CÓDIGO TRIBUTÁRIO NACIONAL

DECRETO-LEI 28 DE 14-11-1966

Em revisão editorial

IMPOSTO DE IMPORTAÇÃO E IPI — CONCEITUAÇÃO

Recurso
apelação .
Tribunal

Resumo do acórdão

- Não tem razão a apelante. Não há dúvida que, na importação de mercadoria despachada para consumo, o fato gerador do Imposto de Importação somente se fenomeniza na data do registro da declaração de importação na repartição alfandegária. Trata-se de fato gerador complexivo, pois conjuga a entrada do produto no território pátrio (art. 19, CTN) com a data da sua documentação na repartição fiscal (art. 23, Decreto-lei n. 37/66). - Mas, o caso é diferente.

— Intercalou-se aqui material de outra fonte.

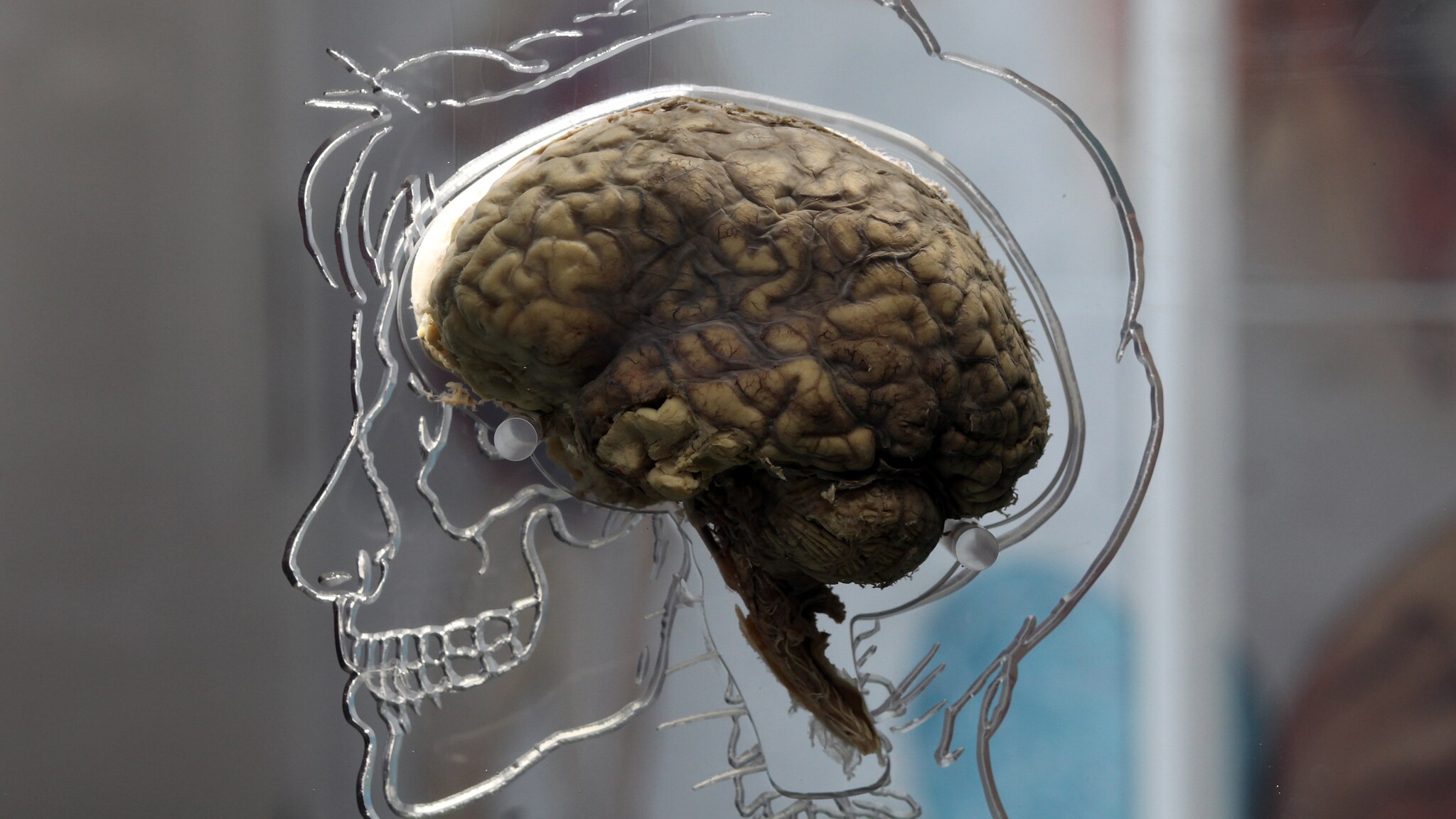La proteina che regola funzioni cerebrali indispensabili quali memoria ed apprendimento diminuisce fisiologicamente con il trascorrere degli anni, ma la sua funzione può essere riattivata, in età avanzata, attraverso la semplice restrizione calorica.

O Decreto-lei n. 2.108/84, vigente à data do fato, contemplava a isenção de impostos de importação sobre bens importados, adquiridos por pessoa física como prêmio em competição esportiva internacional, acrescentando que o acesso ao benefício independia de guia de importação (art. 1º e parágrafo único). - O apelado teve problemas (furto) na documentação do veículo no Aeroporto Internacional de Brasília, tendo que providenciar nova demonstração, o que retardou a liberação, como afirma a sentença. Não teve culpa, portanto, no retardamento do desembaraço aduaneiro, pelo que não pode ser apenado com a nova legislação, editada pelo Decreto-lei n. 2.434/88, e que revogou a isenção. - Por outro turno, e ainda sob o lume do Decreto-lei n. 2.108/84, o despacho aduaneiro do bem importado como prêmio em competição ou concurso internacional independia de guia de importação, pelo que não prospera (por mais uma razão) a tese da apelação. Não há que se falar em registro da guia de importação na aduana, sendo o documento, na hipótese, legal e excepcionalmente dispensado. - Diante do exposto, nego provimento à apelação e à remessa, para confirmar

Ementa

São isentos dos impostos de importação e do IPI os bens importados, sem cobertura cambial, por pessoa física que os tenha adquirido como prêmio em competição esportiva internacional. Hipótese em que o despacho aduaneiro independe de apresentação de guia de importação (Decreto-lei n. 2.108/84, art. 1º).